**Data items**
——

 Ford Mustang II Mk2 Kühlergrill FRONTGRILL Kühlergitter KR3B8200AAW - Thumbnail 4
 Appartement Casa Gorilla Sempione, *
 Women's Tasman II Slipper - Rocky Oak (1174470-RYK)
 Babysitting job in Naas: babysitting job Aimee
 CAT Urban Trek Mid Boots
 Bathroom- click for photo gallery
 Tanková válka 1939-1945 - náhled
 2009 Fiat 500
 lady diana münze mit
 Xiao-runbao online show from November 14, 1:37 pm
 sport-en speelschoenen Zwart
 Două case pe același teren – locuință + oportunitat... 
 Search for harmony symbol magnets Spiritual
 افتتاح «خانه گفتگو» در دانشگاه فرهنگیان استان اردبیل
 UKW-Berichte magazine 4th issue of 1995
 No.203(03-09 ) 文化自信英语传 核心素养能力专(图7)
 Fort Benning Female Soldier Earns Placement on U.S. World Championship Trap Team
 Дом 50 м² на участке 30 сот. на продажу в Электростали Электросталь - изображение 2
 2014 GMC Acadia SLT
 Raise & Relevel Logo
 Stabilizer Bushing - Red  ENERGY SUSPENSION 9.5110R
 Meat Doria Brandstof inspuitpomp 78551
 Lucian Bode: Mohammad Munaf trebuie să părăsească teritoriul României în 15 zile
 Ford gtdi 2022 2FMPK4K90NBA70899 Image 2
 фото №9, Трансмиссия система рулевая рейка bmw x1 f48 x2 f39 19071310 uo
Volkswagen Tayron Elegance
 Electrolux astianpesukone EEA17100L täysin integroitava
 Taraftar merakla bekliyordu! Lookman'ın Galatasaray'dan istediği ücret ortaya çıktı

——

Tally the lines in the records that hold the word "Ford". Give only the total.

**RESULT**
2